_GOAL OF THE EXERCISE_
Down to the final line, print the records below exactly and without pictures.

*** EXERCISE INPUTS ***

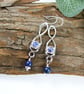 Earrings, Sterling Silver and Lapis Lazuli Unusual Droppers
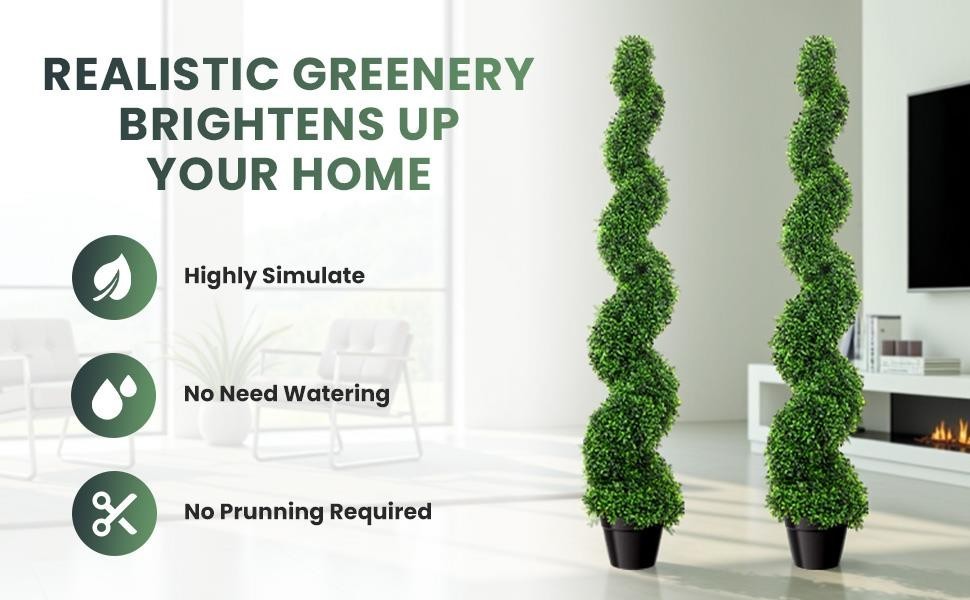 2PCS 5FT Artificial Boxwood Spiral Topiary Trees Rust-Resistant Faux Green Plan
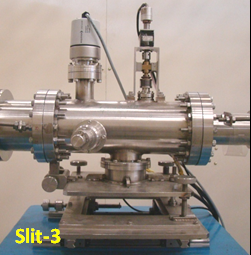 Two types of slits (slit-1 & 2 with four blade mechanism) and (slit-3 with four bar mechanism) to collimate the X-ray beam 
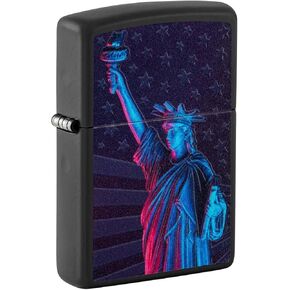 Zippo Lighter: Statue of Liberty, Blacklight - Black Matte 81282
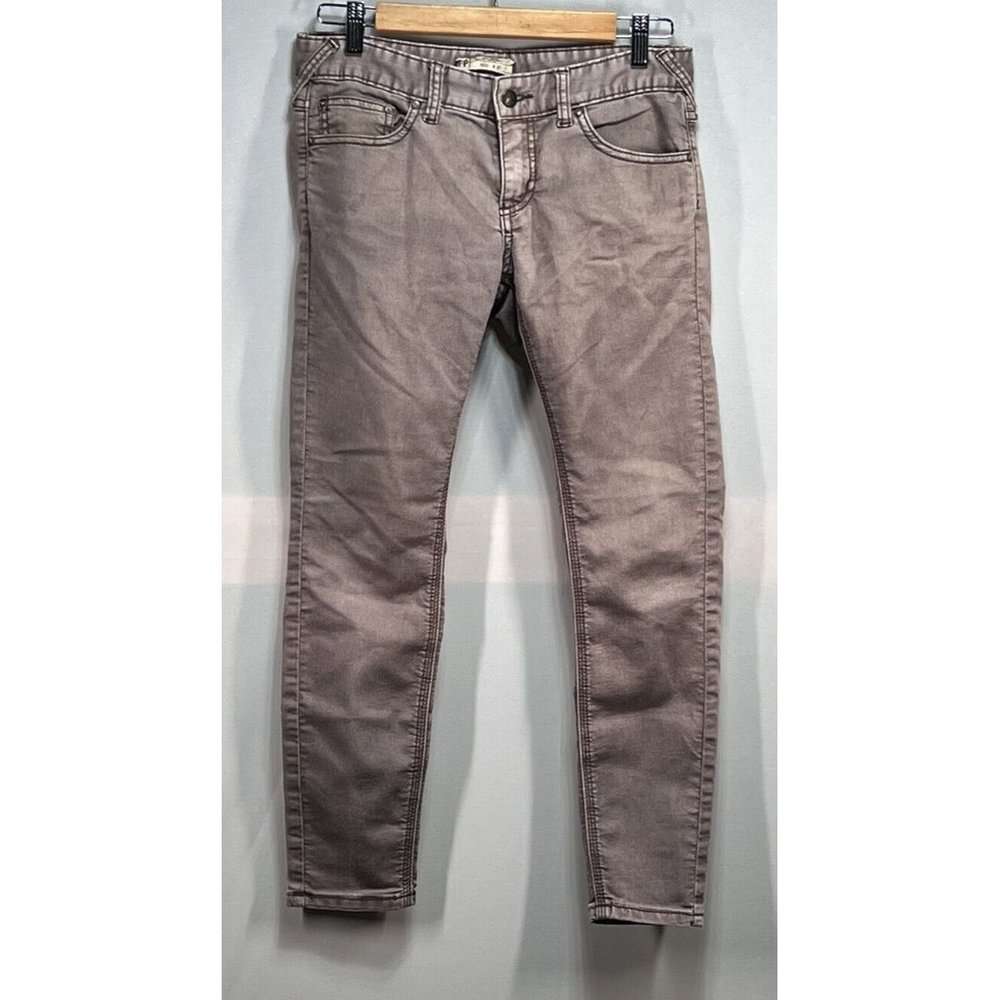 Free People Womens Tan Coyote Skinny Jeans Mid Rise Zip Fly Closure 5-Pocket 27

*** End of EXERCISE INPUTS ***

_SOLUTION_
 Earrings, Sterling Silver and Lapis Lazuli Unusual Droppers
 2PCS 5FT Artificial Boxwood Spiral Topiary Trees Rust-Resistant Faux Green Plan
 Two types of slits (slit-1 & 2 with four blade mechanism) and (slit-3 with four bar mechanism) to collimate the X-ray beam 
 Zippo Lighter: Statue of Liberty, Blacklight - Black Matte 81282
 Free People Womens Tan Coyote Skinny Jeans Mid Rise Zip Fly Closure 5-Pocket 27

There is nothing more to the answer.